The more closely related 2 people are the more they have the same genetic faults and reinforce them.
 
A

asamanthinketh

Guest
#13
I THINK IT IS BECOMING LESS OF AN ISSUE IN THIS DAY AND AGE. AND IT ALSO DEPENDS WHERE YOU LIVE, THE COMMON THOUGHTS OF THE PEOPLE. BUT MY EXPERIENCE IS LIMITED. I WOULD SAY CHILDREN ARE RESILENT AND IF THEY DO GET CRITICIZED FOR BEING BIRACIAL THEY WILL OVERCOME. AND YOUR LOVE AS PARENTS WILL SEE THAT THROUGH.
 
S

Slepsog4

Guest
#14
We should marry and breed only within our own race. After all there really is only one... the human race. Ethnicity is a stupid way to judge people.
 

seoulsearch

OutWrite Trouble
May 23, 2009
17,712
6,479
113
#15
I THINK IT IS BECOMING LESS OF AN ISSUE IN THIS DAY AND AGE. AND IT ALSO DEPENDS WHERE YOU LIVE, THE COMMON THOUGHTS OF THE PEOPLE. BUT MY EXPERIENCE IS LIMITED. I WOULD SAY CHILDREN ARE RESILENT AND IF THEY DO GET CRITICIZED FOR BEING BIRACIAL THEY WILL OVERCOME. AND YOUR LOVE AS PARENTS WILL SEE THAT THROUGH.

Unfortunately, it's not as "lessened" of an issue as we wish it would be... A good friend of mine has two gorgeous biracial daughters, but the oldest has now hit the teen years in full swing, and is hanging with the wrong crowd because of acceptance issues.

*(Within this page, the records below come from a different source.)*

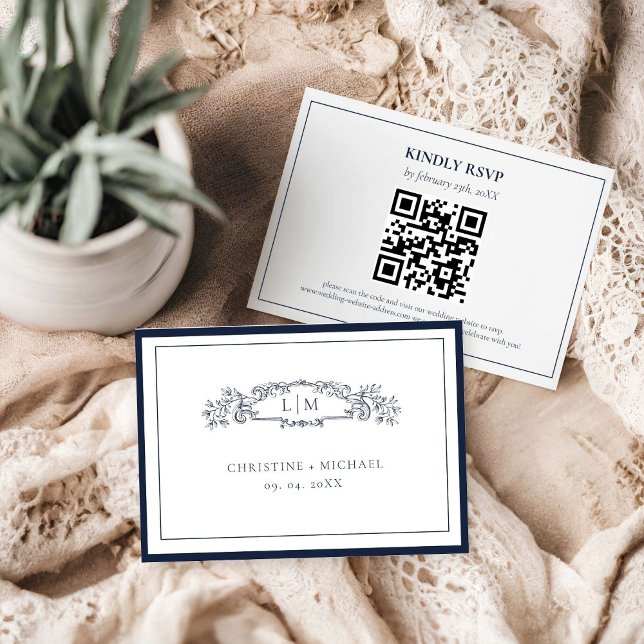 Elegant & Chic Navy Blue Crest Monogram wedding RSVP Card (Creator Uploaded)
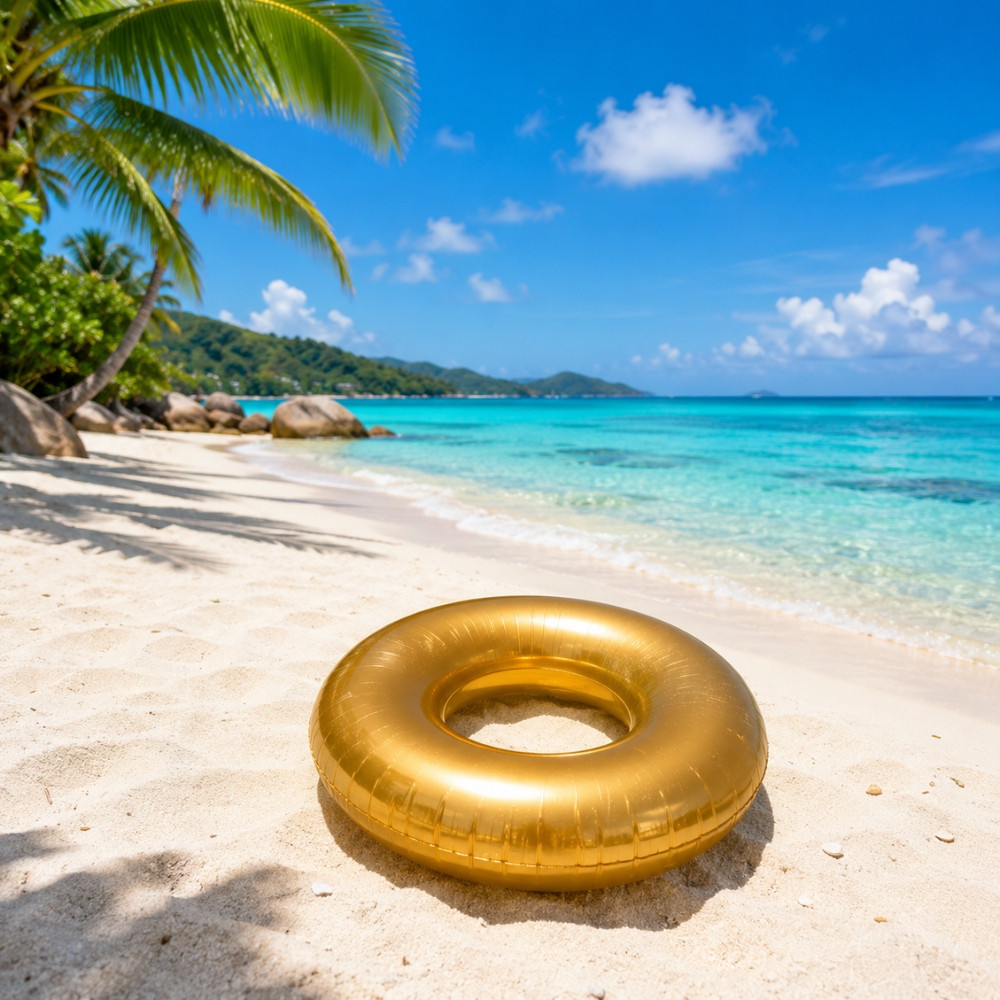 GOLDBUOY - Bouée Ronde Dorée 80 cm Gonflable pour Piscine et Plage – Matelas Flottant Fun pour Été, Vacances et Jeux d’Eau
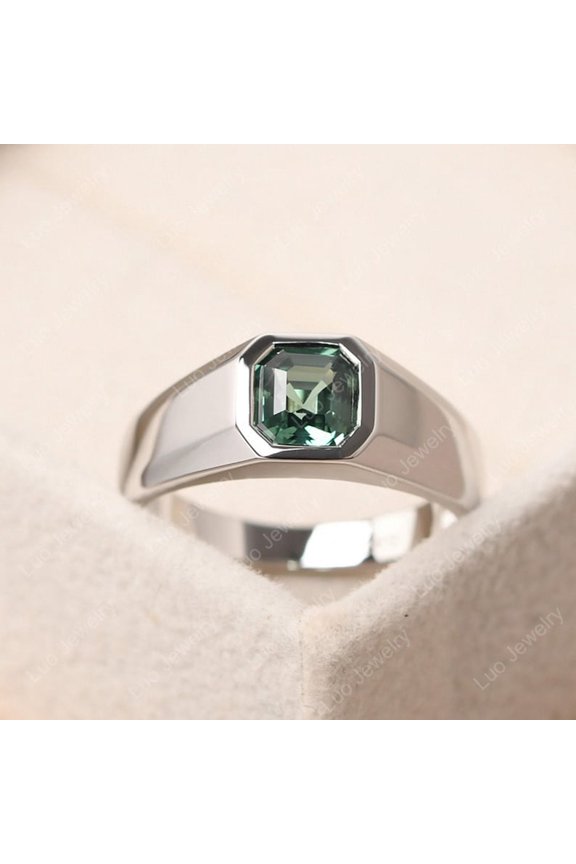 Green sapphire ring, round cut engagement ring,branch leaf ring,sterling silver,anniversary gifts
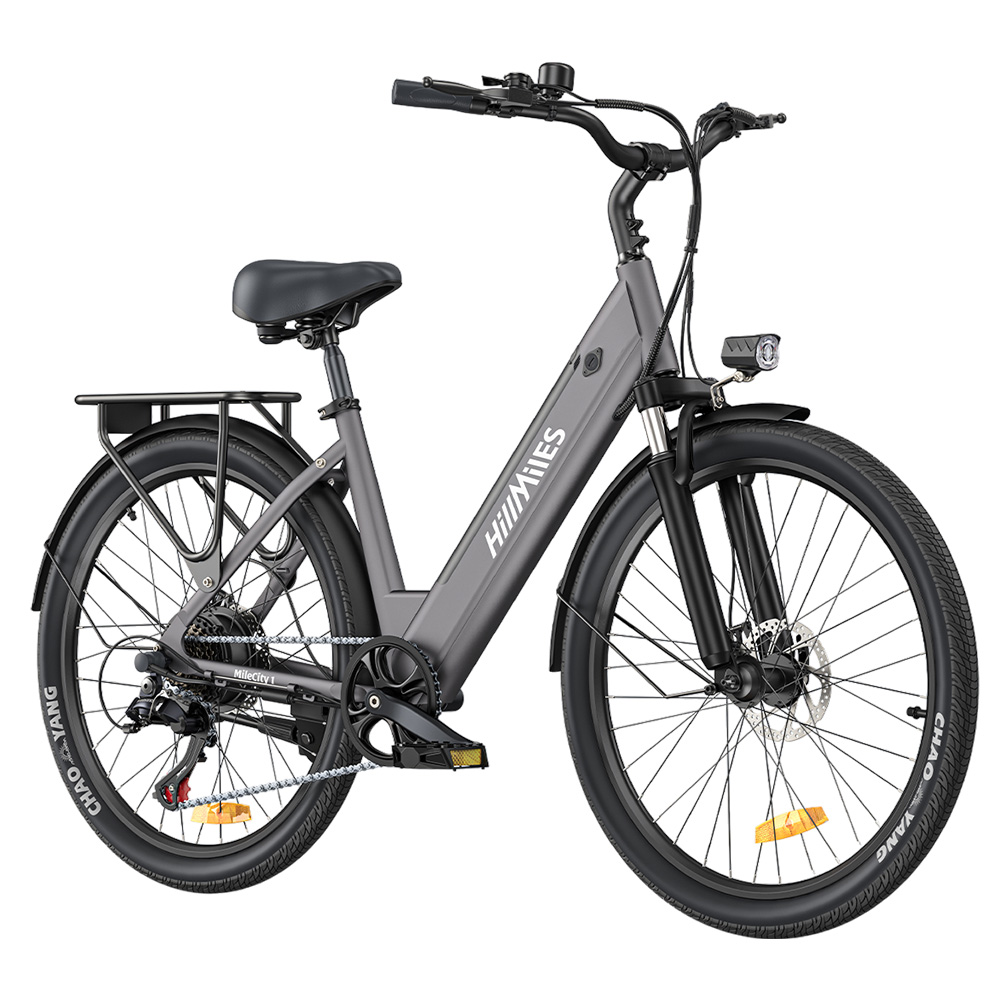 

HillMiles MileCity1 Electric Bike, 250W Motor, 36V 13AH Battery, 26-inch Tire, 32km/h Max Speed, 100km Max Range, Shimano 7-speed, Mechanical Disc Brake, Front Fork Suspension, IP65 Waterproof - Grey, Gray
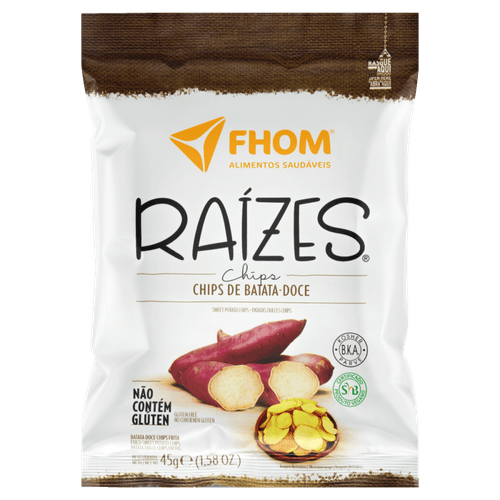 Chips de Batata-Doce Frita Fhom Raízes Pacote 45g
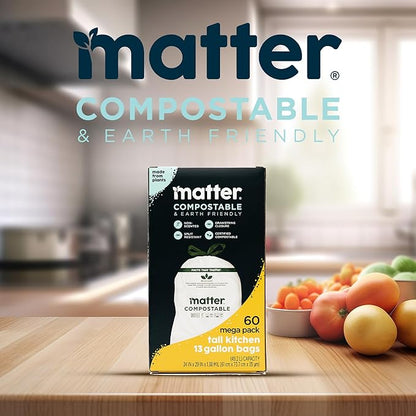 Matter Compostable 13 Gallon Tall Kitchen Trash Bags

I live in the northern part of the USA (supposedly, where racism is "less" of an issue than in the south) and my personal opinion is that racism is, unfortunately, alive and thriving.

It's just that society has made it more "socially acceptable" to keep strong feelings masked under the facade of "political correctness."

From my personal experience, whether my own, my friends, or their children--many people don't bother with being polite, and are fairly blatant in showing their hatred outright. I try to pray that God will bless them and change their hearts... but, of course, it is especially heartbreaking--and enraging--to watch a child suffer because of others' ignorance and/or hard-heartedness.

God bless all of you out there who are trying to make a difference!